There being some time upon his hands he left his luggage at the cloak-room, and went on foot along Bedford Street to the nearest church. Here Stephen wandered among the multifarious tombstones and looked in at the chancel window, dreaming of something that was likely to happen by the altar there in the course of the coming month. He turned away and ascended the Hoe, viewed the magnificent stretch of sea and massive promontories of land, but without particularly discerning one feature of the varied perspective. He still saw that inner prospect--the event he hoped for in yonder church. The wide Sound, the Breakwater, the light-house on far-off Eddystone, the dark steam vessels, brigs, barques, and schooners, either floating stilly, or gliding with tiniest motion, were as the dream, then; the dreamed-of event was as the reality.

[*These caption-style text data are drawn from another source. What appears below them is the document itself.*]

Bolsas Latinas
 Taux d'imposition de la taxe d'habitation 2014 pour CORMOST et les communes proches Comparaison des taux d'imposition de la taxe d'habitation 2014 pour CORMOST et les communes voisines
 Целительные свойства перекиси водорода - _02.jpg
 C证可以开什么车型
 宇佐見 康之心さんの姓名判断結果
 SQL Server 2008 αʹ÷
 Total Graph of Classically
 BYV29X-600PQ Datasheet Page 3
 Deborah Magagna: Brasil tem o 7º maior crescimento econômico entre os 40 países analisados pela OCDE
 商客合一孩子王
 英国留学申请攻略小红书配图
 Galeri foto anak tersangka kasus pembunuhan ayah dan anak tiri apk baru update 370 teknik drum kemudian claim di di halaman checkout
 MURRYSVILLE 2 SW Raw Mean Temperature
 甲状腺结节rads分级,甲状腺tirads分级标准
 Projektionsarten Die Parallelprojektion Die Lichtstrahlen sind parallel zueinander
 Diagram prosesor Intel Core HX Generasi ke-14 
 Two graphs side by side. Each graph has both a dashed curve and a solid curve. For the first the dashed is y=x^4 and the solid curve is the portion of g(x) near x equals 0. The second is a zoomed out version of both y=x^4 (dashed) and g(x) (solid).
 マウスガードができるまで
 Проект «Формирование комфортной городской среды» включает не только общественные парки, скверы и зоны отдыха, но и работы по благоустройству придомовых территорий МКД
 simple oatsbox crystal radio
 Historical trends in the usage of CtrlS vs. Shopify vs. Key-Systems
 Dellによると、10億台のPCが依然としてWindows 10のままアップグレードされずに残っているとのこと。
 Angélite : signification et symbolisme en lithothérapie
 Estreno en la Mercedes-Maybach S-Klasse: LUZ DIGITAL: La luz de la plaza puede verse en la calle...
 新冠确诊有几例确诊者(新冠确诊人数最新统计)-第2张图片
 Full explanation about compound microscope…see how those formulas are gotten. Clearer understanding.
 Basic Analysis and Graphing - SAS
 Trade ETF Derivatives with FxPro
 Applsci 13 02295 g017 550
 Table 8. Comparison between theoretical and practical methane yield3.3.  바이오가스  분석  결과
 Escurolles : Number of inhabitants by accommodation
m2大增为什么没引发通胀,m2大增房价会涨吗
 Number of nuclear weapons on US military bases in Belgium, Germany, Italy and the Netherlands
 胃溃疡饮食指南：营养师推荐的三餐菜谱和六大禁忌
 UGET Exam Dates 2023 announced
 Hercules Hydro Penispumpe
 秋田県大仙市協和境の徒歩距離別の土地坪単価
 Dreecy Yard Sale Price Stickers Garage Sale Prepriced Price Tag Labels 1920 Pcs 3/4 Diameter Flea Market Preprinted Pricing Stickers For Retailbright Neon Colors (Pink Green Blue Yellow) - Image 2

Soon Stephen went down from the Hoe, and returned to the railway station. He took his ticket, and entered the London train.
That day was an irksome time at Endelstow vicarage. Neither father nor daughter alluded to the departure of Stephen. Mr. Swancourt's manner towards her partook of the compunctious kindness that arises from a misgiving as to the justice of some previous act.
Either from lack of the capacity to grasp the whole coup d'oeil, or from a natural endowment for certain kinds of stoicism, women are cooler than men in critical situations of the passive form. Probably, in Elfride's case at least, it was blindness to the greater contingencies of the future she was preparing for herself, which enabled her to ask her father in a quiet voice if he could give her a holiday soon, to ride to St. Launce's and go on to Plymouth.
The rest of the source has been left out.